For the final day of our first week at the Data School we had to improve our application visualisations and be ready to present by 3 O’clock. Having spent the first week learning the basics of Alteryx our main task was to find an additional (messy) dataset to join with our original. My original visualisation (found here) looked at the history of the Premier League. It was broad but provided few obvious insights. Therefore, I wanted to focus on a specific question in the updated version. Nick suggested a comparison between data from actual league results and the video game FIFA and I was immediately struck with the memory of a heated childhood argument. Everton (the team I support) had the season before finished higher than Liverpool (our rivals). Yet when FIFA 06 came out Liverpool were rated better. Scandalous! Granted, they had won the Champions league that year (the most prestigious non-international footballing competition), but I was determined to settle the dispute once and for all. I had my specific question to answer but first had to join the two datasets.

I ran into three main challenges in Alteryx when trying to join the datasets. The first was a lack of consistent team names both between and within datasets. For example Tottenham being called either ‘Spurs,’ ‘Tottenham Hotspur,’ or ‘Tottenham.’ This first challenge was painstakingly overcome using the formula tool with a multitude of IF statements. However, I now know that there is a fuzzy match function which is better suited to this task.

The second challenge in Alteryx came when 4 teams in one season would not join with each other despite renaming via the IF statements. This was because of trailing whitespaces making the names inconsistent between datasets. IF statements including the space did not succeed in removing it and neither did the data cleansing function. In the end the following formula was used to eliminate the whitespace: Regex_replace([Team],'[^\x20-\x7E]’,”). This formula removed the ‘%20’ used in URL’s which must have been left over in the data.

The final challenge was finding a way to compare the premier league data to the FIFA data. Points acquired in the season compared to FIFA’s overall team rating score are different measures using different scales, so had to be normalised. This was achieved by finding the standard deviation from the mean for each metric, allowing comparison on an equal scale. To do this on Alteryx I used opened the Z-score macro found in the directory: “C:\Program Files\Alteryx\bin\RuntimeData\Macros\Predictive Tools\Supporting_Macros.” Following the steps in the macro, the data was transposed then summarised to give a mean and standard deviation for each metric. This summarised data was then joined back with the transposed data. The mean was then taken from each value before dividing the result by the standard deviation using the formula function. This was then cross tabbed to give the data back its original structure but now including standardised scores for actual league performance and FIFA team rating to be compared by.

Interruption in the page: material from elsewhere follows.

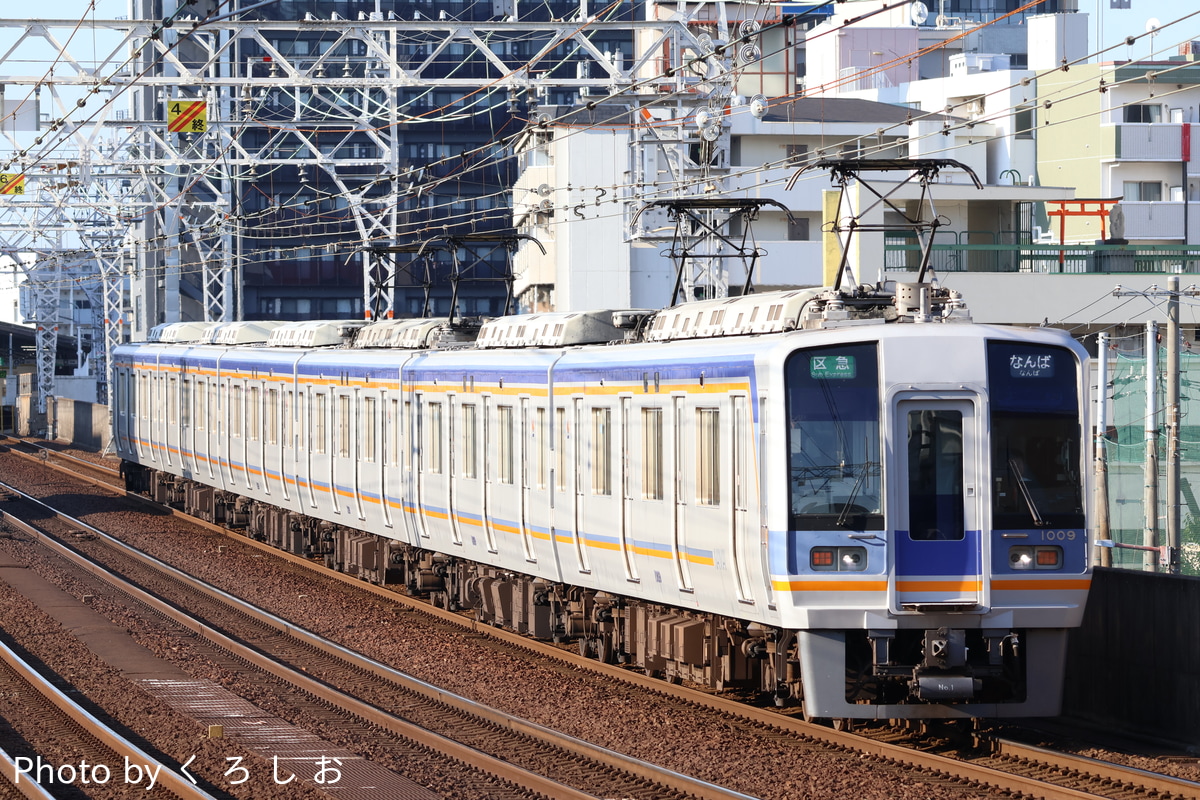 南海電気鉄道 住ノ江検車区 1000系 1009F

The Alteryx issues were resolved so I outputted the data and built the following visualisation. It seemed my suspicions were wrong and that FIFA were in fact not biased, with Liverpool and Everton being overrated and underrated both roughly 50% of the time. However years as a bitter Evertonian could not permit me to stop there. These findings were the result of a single mean and standard deviation for each dataset. Perhaps it would be more accurate to get a mean and standard deviation on a season by season basis. This was achieved by summarising by year when getting the means and standard deviations during the calculation of Z-scores. The findings from this analysis were more promising, with Liverpool being overrated 67% of the time and having a sum standard deviation from the mean across all seasons much higher than Evertons.

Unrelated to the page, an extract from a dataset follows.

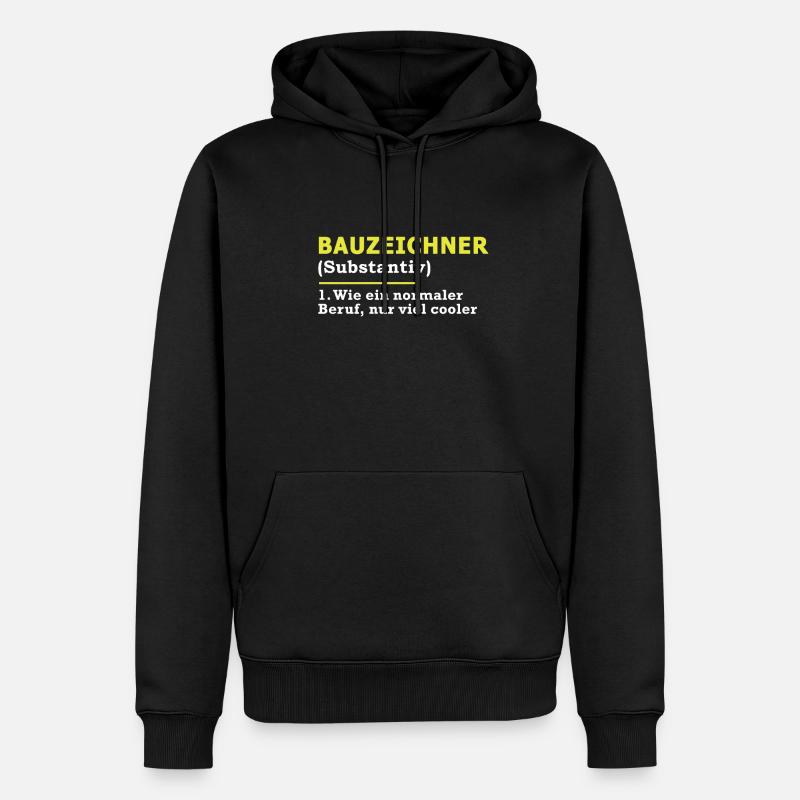 Bauzeichner - Männer Premium Bio Hoodie - Schwarz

So what does this research prove? Is there serious bias on the part of the designers of FIFA? Am I an overzealous bitter researcher with an agenda? I can only say one thing for sure; I now know how to use Alteryx to quickly match similar sounding names across datasets, remove seemingly undeletable whitespaces and normalise two separate metrics to allow for comparison, and I can use this blog for future reference in case I forget.